Poesia contemporanea italiana; Antologie di poesia; Canone letterario; Generazioni letterarie; Storia della poesia; Sociologia della letteratura; Critica letteraria.

 

 Anfibio genere letterario, l’antologia oscilla naturalmente tra il museo e il manifesto
Edoardo Sanguineti, da Poesia italiana del Novecento, Einaudi, 1969, vol. I, introduzione

 

Raggiunto il nuovo millennio, la critica ha evidentemente sentito una certa “ansia da terraferma”, non riuscendo più a restare a galla nella fluidità delle poetiche dei precedenti tre decenni.
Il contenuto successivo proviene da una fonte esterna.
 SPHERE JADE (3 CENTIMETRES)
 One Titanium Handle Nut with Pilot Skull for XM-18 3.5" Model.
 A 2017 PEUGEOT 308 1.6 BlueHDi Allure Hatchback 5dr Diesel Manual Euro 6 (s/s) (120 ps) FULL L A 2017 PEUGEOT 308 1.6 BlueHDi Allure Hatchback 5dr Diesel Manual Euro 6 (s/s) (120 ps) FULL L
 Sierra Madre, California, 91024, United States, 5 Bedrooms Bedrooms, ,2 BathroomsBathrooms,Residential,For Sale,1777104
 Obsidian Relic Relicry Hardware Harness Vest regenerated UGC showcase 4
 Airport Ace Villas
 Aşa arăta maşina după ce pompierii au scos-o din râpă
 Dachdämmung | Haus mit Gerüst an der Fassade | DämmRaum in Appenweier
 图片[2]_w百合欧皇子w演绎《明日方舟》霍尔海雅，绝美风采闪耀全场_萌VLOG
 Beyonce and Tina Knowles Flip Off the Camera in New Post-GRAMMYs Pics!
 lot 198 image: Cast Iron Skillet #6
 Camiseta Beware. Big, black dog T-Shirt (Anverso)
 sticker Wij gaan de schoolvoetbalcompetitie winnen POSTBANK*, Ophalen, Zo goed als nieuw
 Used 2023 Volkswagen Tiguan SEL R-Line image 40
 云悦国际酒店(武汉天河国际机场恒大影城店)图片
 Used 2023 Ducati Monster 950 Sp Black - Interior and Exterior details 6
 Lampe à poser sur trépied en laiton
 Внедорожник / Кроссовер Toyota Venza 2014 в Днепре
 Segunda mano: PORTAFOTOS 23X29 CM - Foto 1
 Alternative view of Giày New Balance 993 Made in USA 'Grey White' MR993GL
La poesia è ora un mare magnum di poetiche diverse, con storie, tradizioni differenti, che in comune hanno solo (forse) la denominazione di “poesia”: non più il verso (già da anni scardinato anche il così detto verso libero), non più la forma scritta, non più la lettura ma anche la visione, la poesia-installazione (Giovannetti, 2017). Così, nel giro di pochissimi anni escono: L’opera comune (Ladolfi, Merlin, 1999), Akusma. Forme della poesia contemporanea (Mesa, 2000), I cercatori d’oro. Sei poeti scelti (Rondoni, 2000), Nuovissima poesia italiana (Cucchi, Riccardi, 2004), La poesia italiana oggi (Manacorda, 2004), Parola plurale (Alfano, Baldacci, Bello Minciacchi, Cortellessa, Manganelli, Scarpa, Zinelli, Zublena, 2005), Dopo la lirica. Poeti italiani 1960-2000 (Testa, 2005), La poesia italiana dal 1960 ad oggi (Piccini, 2005), Trent’anni di Novecento: libri italiani di poesia e dintorni (Bertoni, 2005), Poesia contemporanea dal 1980 ad oggi: storia linguistica italiana (Afribo, 2007), Prosa in Prosa (Bortolotti, Broggi, Giovenale, Inglese et al., Prosa in prosa, 2009), Poeti degli anni Zero (Ostuni, 2010), La generazione entrante: poeti nati negli anni ‘80 (Fantuzzi, 2011), Post ‘900, lirici e narrativi (Fantuzzi, Leardini, 2015), Sulla scia dei piovaschi - Poeti italiani tra due millenni (Tartaglia, Salvioni, 2015), Passione Poesia. Letture di poesia contemporanea (Aglieco, Cannillo, Iacovella, 2016), Velocità della visione. Poeti dopo il Duemila (Corsi, Pellegatta, 2017); solo per citarne alcune, quelle più note, più criticate.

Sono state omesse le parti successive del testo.